Phillip Ward

No. 55, 58
- Position: Linebacker

Personal information
- Born: November 1, 1974 (age 51) Gardena, California, U.S.
- Listed height: 6 ft 2 in (1.88 m)
- Listed weight: 235 lb (107 kg)

Career information
- High school: Pius X (Downey, California)
- College: UCLA
- NFL draft: 1997: undrafted

Career history
- Indianapolis Colts (1997); Detroit Lions (1998)*; St. Louis Rams (1998); → Berlin Thunder (1999); New Orleans Saints (2000);
- * Offseason and/or practice squad member only

Career NFL statistics
- Games played: 4
- Stats at Pro Football Reference

= Phillip Ward =

American football player (born 1974)

Phillip Eugene Ward (born November 1, 1974) is an American former professional football player who was a linebacker in the National Football League (NFL) for the Indianapolis Colts, St. Louis Rams and New Orleans Saints. He also was a member of the Berlin Thunder in NFL Europe. He was signed by the Indianapolis Colts as an undrafted free agent in 1997. He played college football for the UCLA Bruins.

==Early life==
Ward attended Pius X High School. As a senior, he broke his wrist and only played in 4 games. He also practiced baseball and basketball.

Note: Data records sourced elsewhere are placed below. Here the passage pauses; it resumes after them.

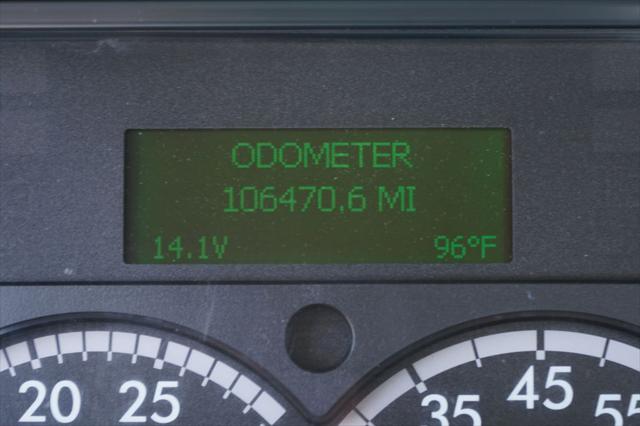 2019 Freightliner M2 106 MD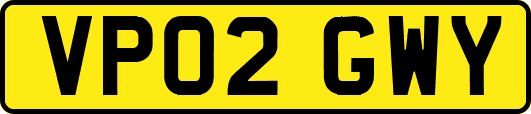 VP02GWY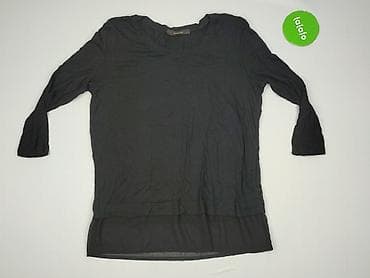 reserved online: Reserved, Bluzka damska, rozmiar M — 2
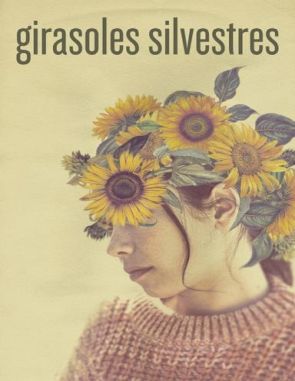 Girasoles silvestres (2022) (Películas)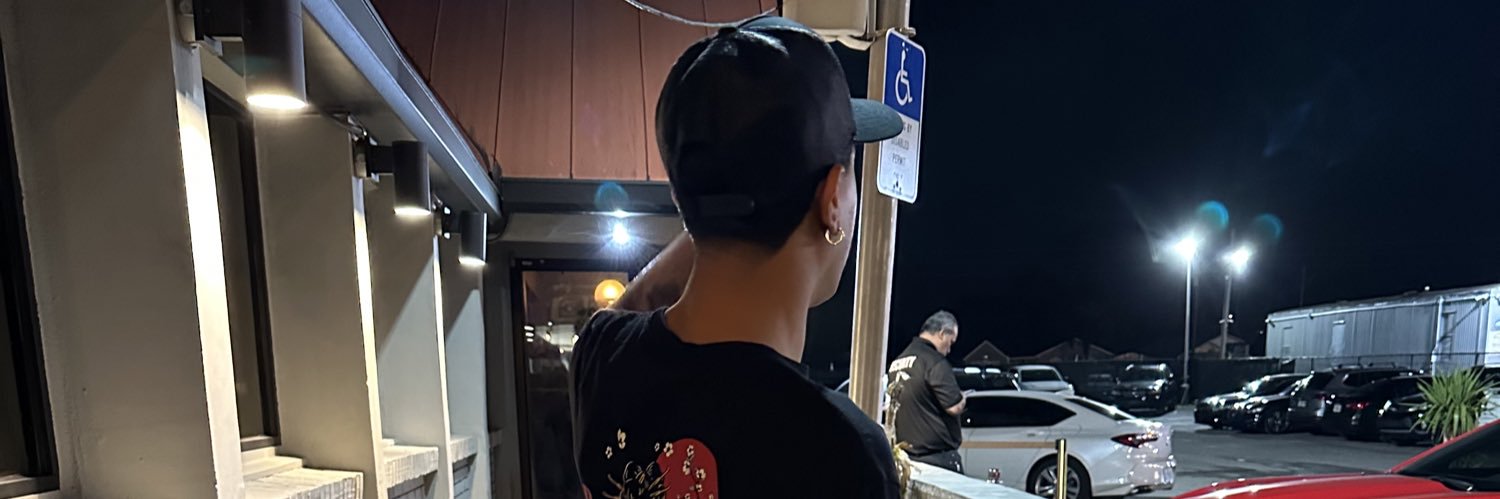 ayo_reg's profile banner image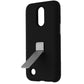 Case-Mate Tough Stand Series Case for LG K20 Plus Smartphone - Black Cell Phone - Cases, Covers & Skins LG - Simple Cell Bulk Wholesale Pricing - USA Seller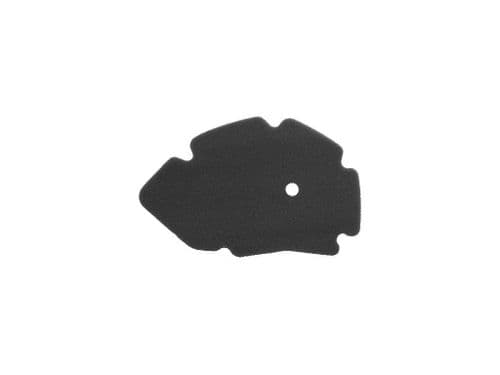 Filtro aire Gilera Runner 125 Vx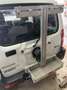 Suzuki Jimny Jimny Comfort Weiß - thumbnail 8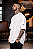 CAMISETA OVERSIZED AFTER ALONE - Imagem 12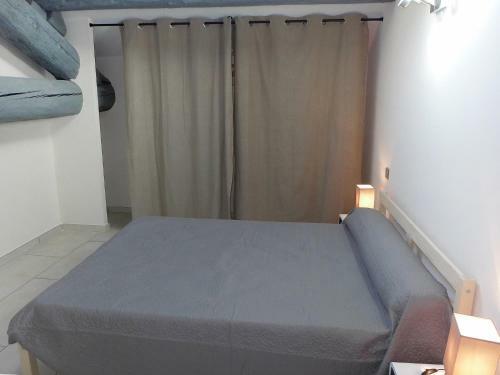 Holiday Home La Bergerie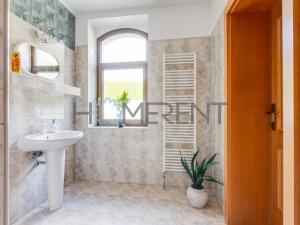 Prodej rodinného domu, Liberec - Liberec XIX-Horní Hanychov, K Bucharce, 295 m2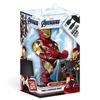 Подставка Cable guy: Avengers: Ironman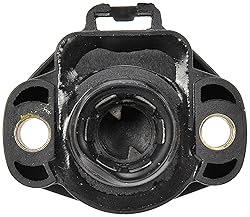 Dorman 977-519 Throttle Position Sensor Compatible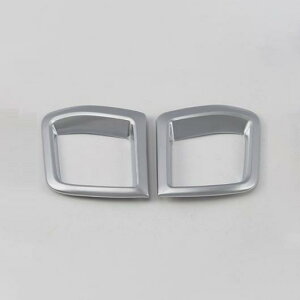 Kp: {{/VOLVO XC60 2018 2019 2020 ABS N[ J[{t@Co[ Rg[ pl o g \tg ʋC pl Jo[ Vo[EJ[{ AL-OO-6122 AL Interior parts for cars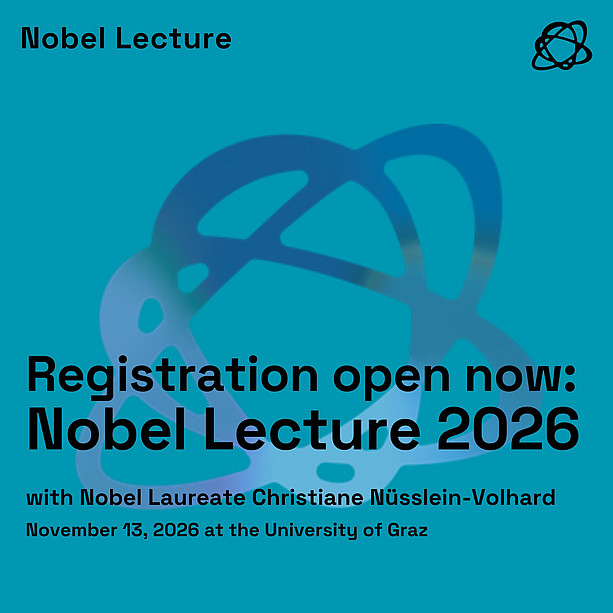 Nobel Lecture 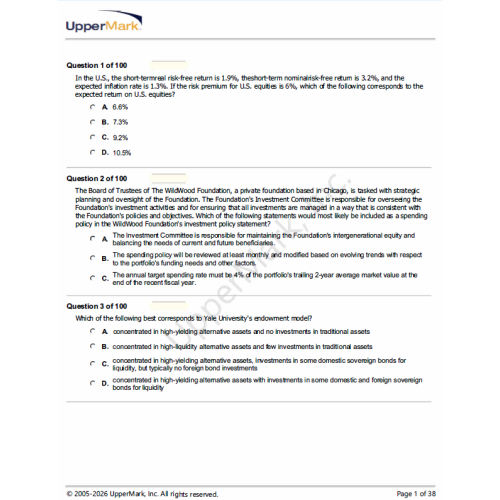 screenshot_2026-04-17_190020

He accepted a football scholarship from the University of California, Los Angeles. As a redshirt freshman with the Bruins, he was a backup at linebacker. As a sophomore, he was named a starter at outside linebacker, tallying 56 tackles (sixth on the team), 7.5 sacks (second on the team) and 12.5 tackles for loss (second on the team).

As a junior, the team changed to a 4-3 defense and he became a starter at defensive end. He was limited with a knee injury and missed 2 games. The change wasn't a good position fit and his stats dropped to 27 tackles and one sack.

As a senior, he was a starter at outside linebacker, posting 60 tackles (second on the team) and 11 tackles for loss. Against the University of Michigan, he had 8 tackles and 2 interceptions, one of them was Tom Brady's first college football pass, which he returned for a 42-yard touchdown.

==Professional career==
===Indianapolis Colts===
Ward was signed as an undrafted free agent by the Indianapolis Colts after the 1997 NFL draft. He spent the first 9 games of the season on the injured reserve list. He was waived on November 4.

===Detroit Lions===
On March 26, 1998, he was signed as a free agent by the Detroit Lions. He was released on August 30.

===St. Louis Rams===
On November 30, 1998, he was signed to the St. Louis Rams practice squad. He was promoted to the active roster on November 30. He was released on December 17. In 1999, he was allocated to the Berlin Thunder of NFL Europe. He registered 39 defensive tackles (second on the team) and 7 special teams tackles (led the team). He was released by the Rams on September 3.

===New Orleans Saints===
On April 7, 2000, he was signed as a free agent by the New Orleans Saints. He was released on August 27. He was signed to the practice squad. He was later promoted to the active roster. He was released on December 13.